Until recently, people who accepted UFOs and UAP as a reality had to live in a world where this understanding was not given even a shred of public dignity. These individuals were forced to live in a completely unfair state of cognitive dissonance. What they knew to be true was treated as false by society at large.
I have lived that reality as many of you have, and deeply appreciate that it is now ending.
The journey to acceptance that things are not as they seem often starts with not thinking about the topic much at all, followed by learning something but being skeptical. Then, after a period of time, the world view is challenged by a friend, a book, a public figure, or even, these days, a news report. And then, there’s a rush to understand, and, eventually, the epiphany.
This is how it went for me.
It Was a Dark and Stormy Night
I remember, early on, doing research for the production re-write of a film I’d written and was a co-producer on, Official Denial. I was in a mostly dark house, except for my reading light, and my wife and kids were all asleep. It was Los Angeles, and we were having one of those winter storms where it dumps buckets in the middle of the night and clears up in the morning.

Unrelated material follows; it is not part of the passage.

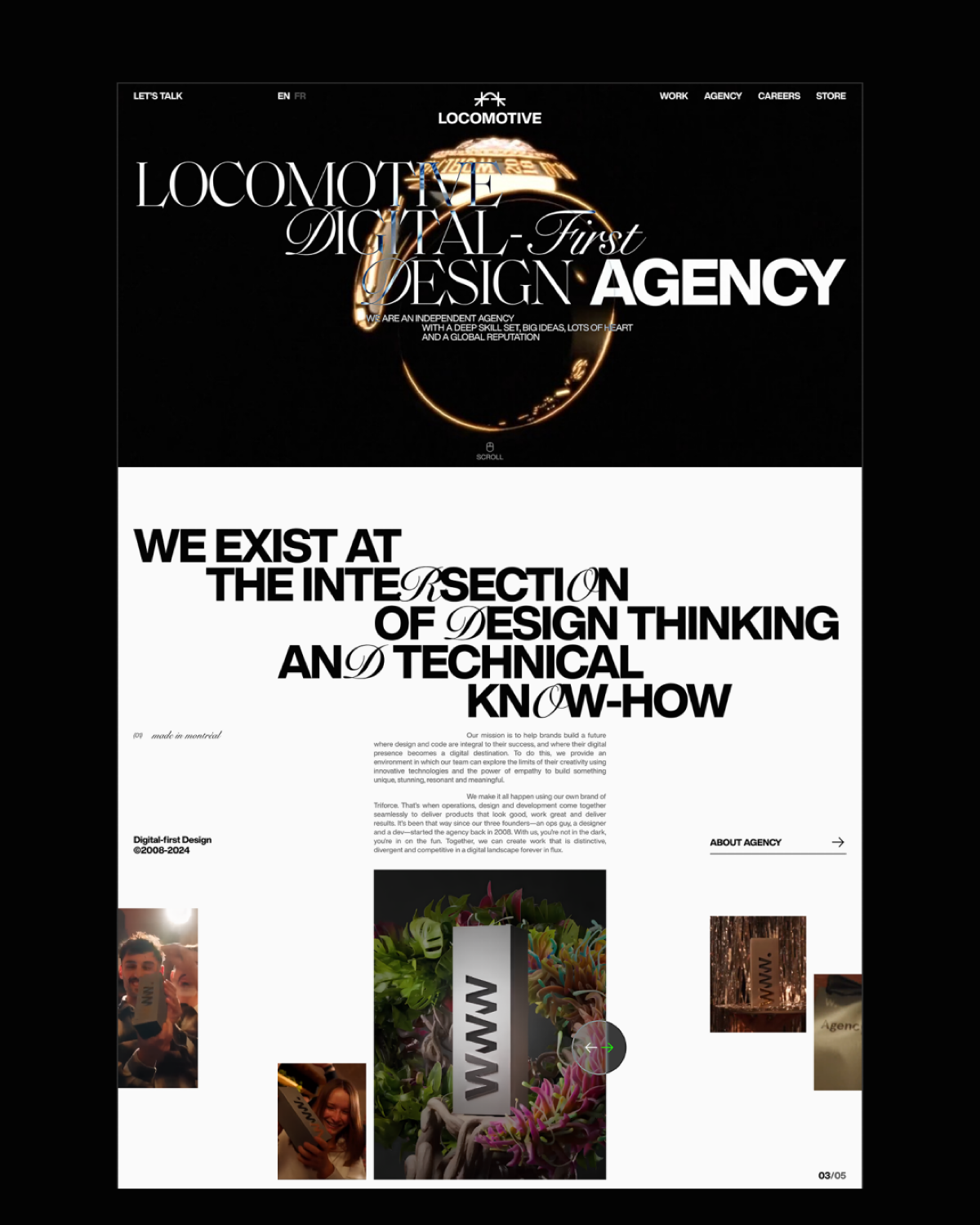 Locomotive Agency | Redesign 2025 | Сетка — социальная сеть от hh.ru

The books I had been going through that evening were not woo-woo alien encounter stories. Instead, I was reading about one case after another, each one authentic and mystifying, amplified by qualified witnesses from the military, aviation and law enforcement worlds, including nuclear weapons officers. Plus radar returns and other technological confirmations.
That’s when it hit me.
I’d been reading as a writer trying to devour as much content as possible, to get it into my head, so I could support an awesome movie. But while I’d been doing that, I’d stumbled onto what, at that moment, was an uncomfortable truth that could not be any clearer to me.
At least some of the craft flying around in our skies are from someplace that isn’t here and they’re being flown by someone who isn’t us. Plus, they have an agenda we don’t know.
I put the book down. There I was alone in my dark house wanting nothing more than to wake up my wife or kids or drive over to a friend’s house and scream:
“This is real!”
Oh, my. What to do?



Full Disclosure
This is where it gets weird. By starting out to make up a UFO story, I learned enough about them to believe they’re real, but instead of getting the crap scared out of me and doing something else with my life, I doubled-down on them, something that’s hardly endeared me to many of my “normal” friends or, in particular, my family — but now feels like I’ve placed a bet on a winning horse.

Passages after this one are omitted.